OrKidstra helps youth find their way

Story and photo by Ellen Bond

The group of youth settles down, instruments at the ready. Together, they begin practising pieces from A Charlie Brown Christmas. It sounds almost like an orchestra.

In a way, that’s the whole point behind OrKidstra, a social development program that helps empower kids and builds community through music. Youth play all the instruments found in a regular orchestra, and while they do play classical music, they also explore world, pop, folk and other traditional music.

Among them is Noah Linson-Hudson, a 14-year-old Kitchissippi resident who plays the cello.

Noah Linson-Hudson, a 14-year-old Kitchissippi resident holds his cello.
Noah Linson-Hudson, a 14-year-old Kitchissippi resident, plays the cello with OrKidstra.

“It’s something so wonderful to look forward to at the end of each day,” says Noah, who is featured as our HOK this month.

Noah attends the after-school programs at the Bronson Centre twice a week and if it was possible, he would attend every day.

“We have some students where music has been a transformative power in their lives,” says Rebecca Russell, development and communications officer for OrKidstra, and herself a Kitchissippi resident. “Music can help kids grow like nothing else can.”

OrKidstra started back in 2007, designed for kids from underserved communities to help them build life skills through learning music together.

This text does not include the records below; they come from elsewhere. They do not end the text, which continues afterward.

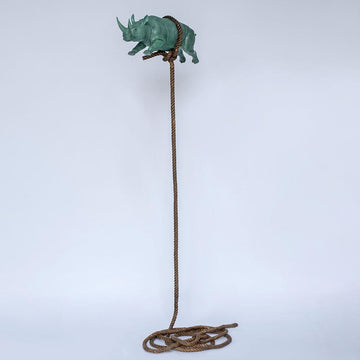 Green Flying Rhino (Bronze Sculpture)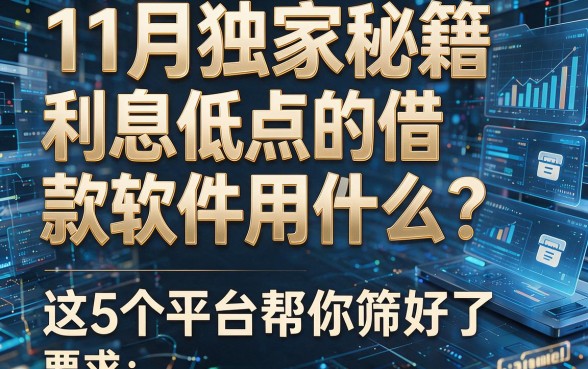 11月独家秘籍：利息低点的借款软件用什么？这5个平台帮你筛好了！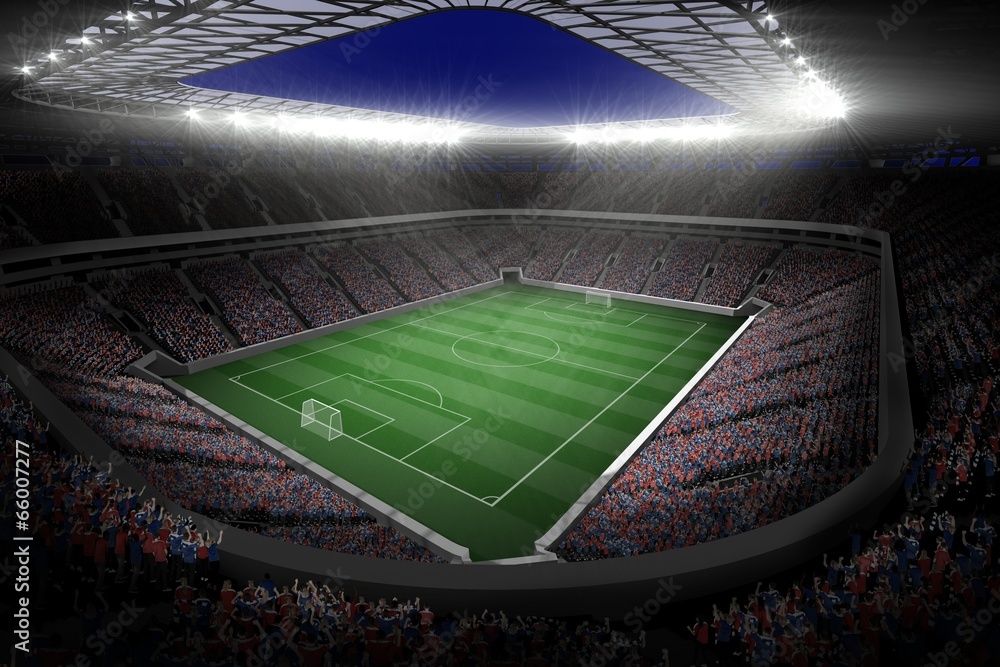 Large football stadium with lights - obrazy, fototapety, plakaty 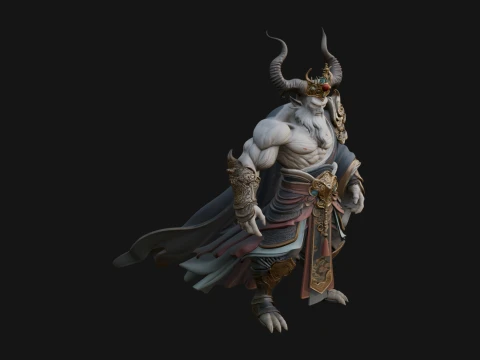 Horned Demon Mage Statue Design 5 - 3D Print Model 3D Druckmodell
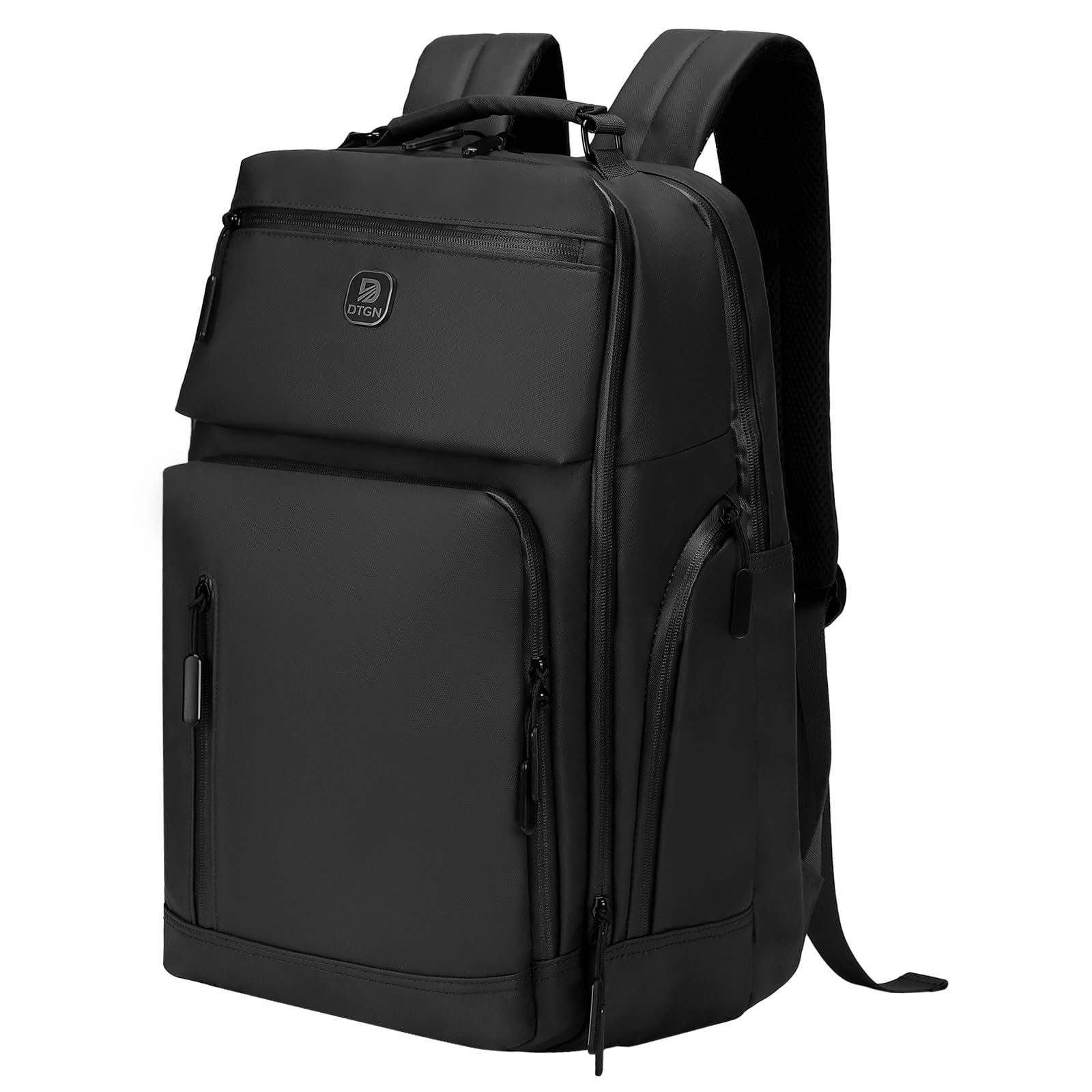 DTGN Large Capacity Water Resistant Laptop Backpack, 17 Inch Airplane Approved Durable Bag for College, Business Travel, Black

It’s open to youth between the ages of five to 18.

By playing an instrument or singing, and coming together with music, they learn skills like teamwork. They build their self-confidence, their listening skills, problem solving skills, responsibility for taking care of your instrument and this helps OrKidstra kids reach for success in their future careers.

OrKidstra is very proud that 100% of the kids in their program have graduated from high school. These kids are now studying biology, commerce, neuroscience, marketing, business and a few are studying music.

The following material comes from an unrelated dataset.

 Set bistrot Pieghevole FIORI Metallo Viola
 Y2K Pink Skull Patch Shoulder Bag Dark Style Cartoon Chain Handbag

“Playing an instrument can help the brain grow and develop in very different ways according to some research I have read recently,” says Rebecca.

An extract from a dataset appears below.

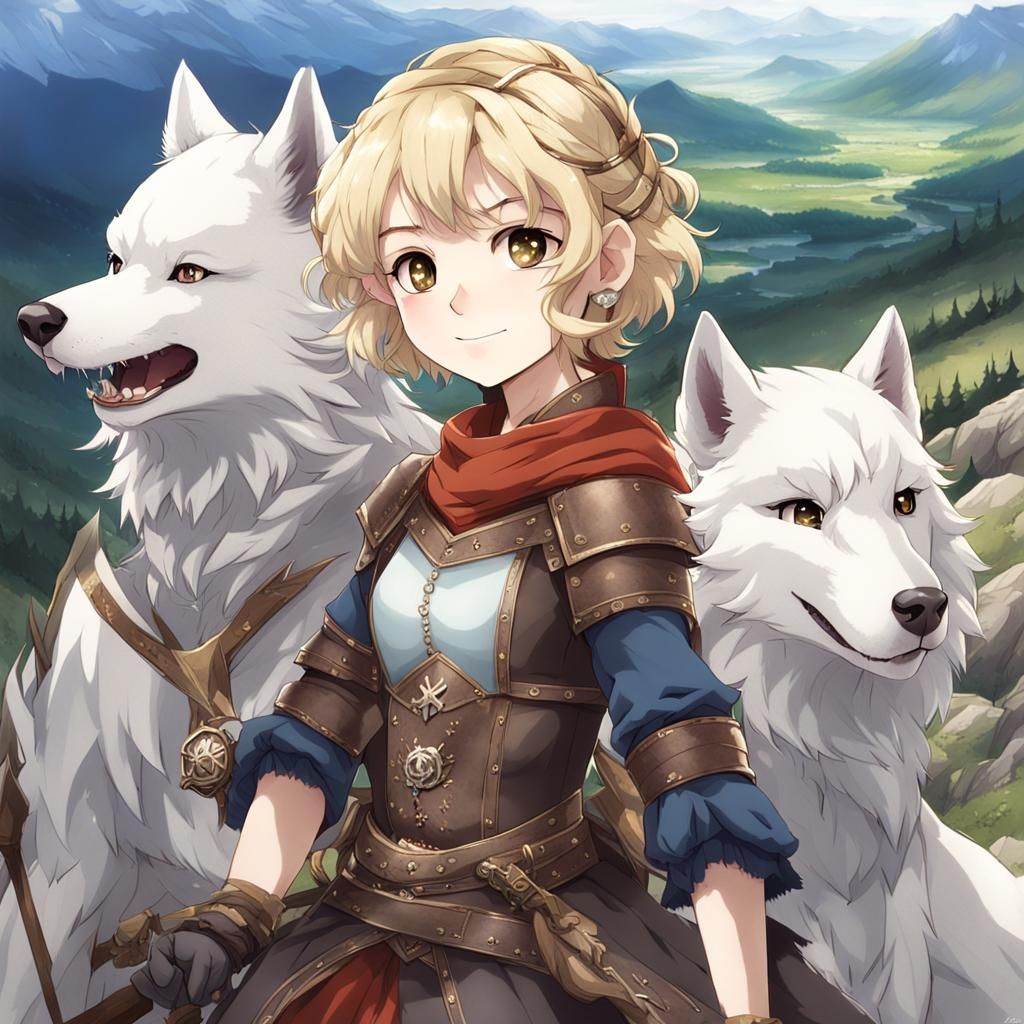 Girl Riding White Wolf in Anime Style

They have all found their passions through their lives and OrKIDstra has helped them along the way. Rebecca explains that there are high expectations placed on the kids in the program and they are guided to achieve their goals and to adhere to the time limits put on them.

The skills learned, such as time management, are transferable to their life after the program. There are 850 kids enrolled in OrKidstra, in both in-school and after-school programs.

If you want to see the OrKidstra program in action, plan to attend their Centretown Hub Holiday Concert on Wednesday, December 18 at the Carleton Dominion-Chalmers Centre (355 Cooper St). The show begins at 6:30 p.m. There is no fee to attend the concert, but donations to OrKidstra are always welcome.


Kitchissippi resident Rebecca Russell says OrKidstra can be transformative for kids involved in the program.